State clearly and precisely how IBS is affecting your life. Not just "my stomach hurts," but "I've already missed work twice this month due to the spasms and pain and urgency," or "I never eat before leaving the house because I'm so worried I'll have diarrhea while driving," or "I wake up at night from the pain and bloating," or "I can no longer travel because I'm afraid I won't be able to eat anything."

Doctors need to hear about the impact, not just the symptoms.

#3 Ask:

Ask direct questions. Point blank. Write them down on a piece of paper before you leave for the doctor's office and get that piece of paper out before the exam begins. Some good things to ask:

• "What diagnosis are you considering?"

• "What red flags should I watch for?"

• "What would make you order more testing?"

• "What is the treatment plan if this is IBS?"

• "What should I do if this treatment plan does not work?"

# 4 Plan Ahead:

Do not leave your doctor's office with just some vague reassurances. Leave with a list of concrete steps to take next. That might mean:

• a referral to a dietitian to help you eat without fear

• a plan for adding a soluble fiber supplement to resolve diarrhea and/or constipation

• a recommendation for enteric peppermint oil capsules for pain and spasms

• a referral to a therapist who does gut-directed clinical hypnosis for IBS

• prescription medication options

• more lab or imaging test orders if that's appropriate

• or a referral to another gastroenterologist for a second opinion.

And if you still feel you're being dismissed, try stating clearly:

"I understand my tests are normal, but my symptoms are still seriously affecting my life. I need a plan for what to do next."

That sentence is calm, clear, and hard to blow off.

Also, bring someone with you to the doctor's if you can. A second set of eyes and ears can really help, especially if you feel intimidated or exhausted.

And if you do have a doctor gaslight you, find a different doctor. You're not being difficult. You're being responsible.
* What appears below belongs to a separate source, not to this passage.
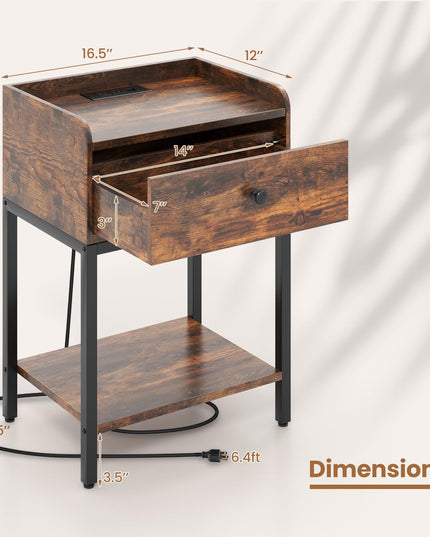 Table de chevet Giantex avec station de recharge, table de nuit industrielle avec tiroir de rangement et étagère ouverte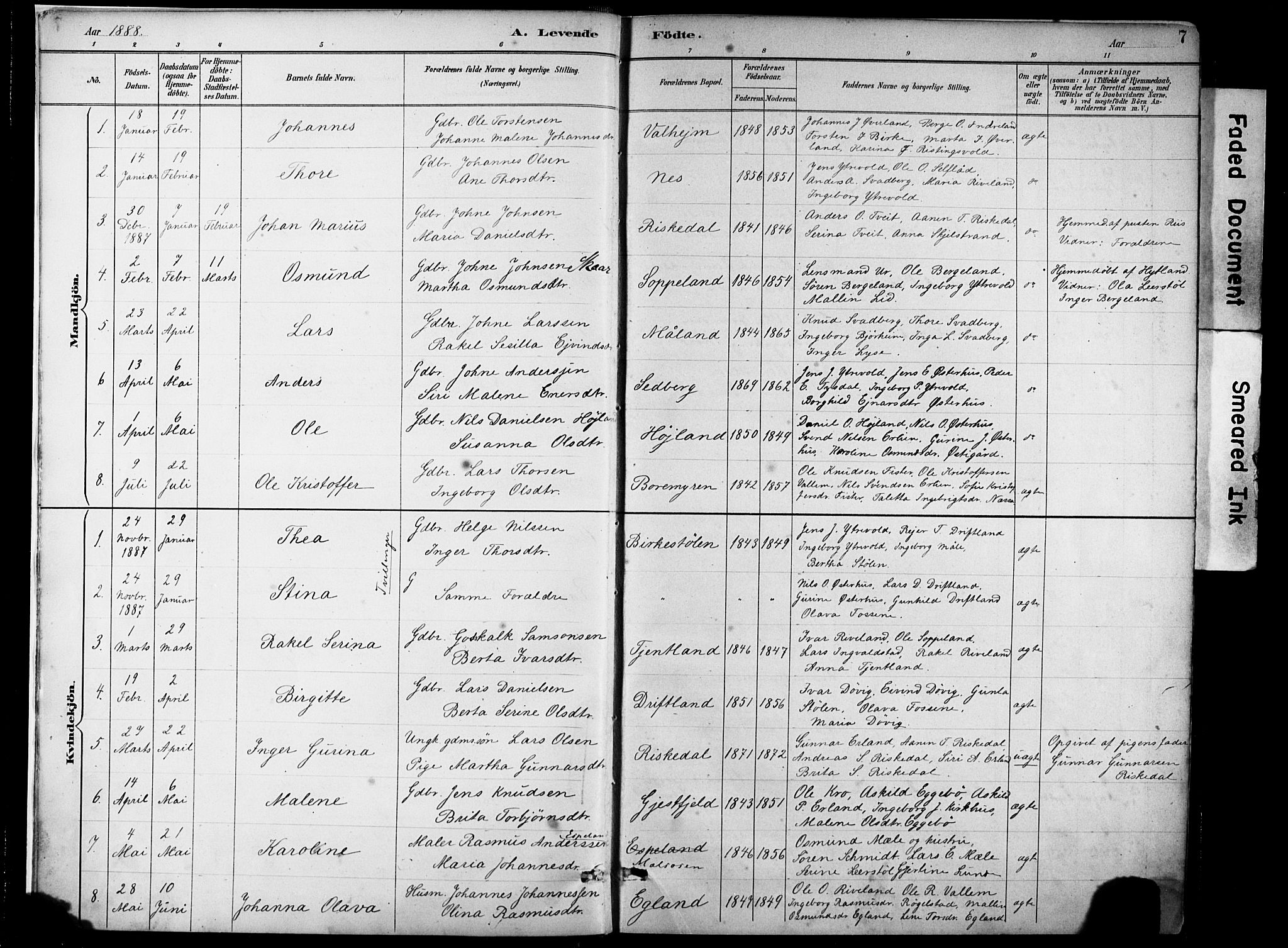 Hjelmeland sokneprestkontor, AV/SAST-A-101843/02/A/L0001: Parish register (official) no. A 16, 1887-1926, p. 7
One last important thing: if IBS has made you feel hopeless, or think about harming yourself, please tell someone immediately — a loved one, friend, a crisis line (you can just dial 988). You deserve help right now, not after you've tried to tough it out on your own.

The big takeaway here?

Gaslighting in gastroenterology is real, just like IBS is real. And IBS patients are especially vulnerable to being victims of medical gaslighting because their symptoms are hard to test, so often invisible to doctors, and tough to measure.

But normal test results do not mean you have a normal gut. And a doctor who says "I don't know what's wrong with you yet" is just doing their job. A doctor who says "there's nothing wrong with you?" That is medical gaslighting. And no one deserves that.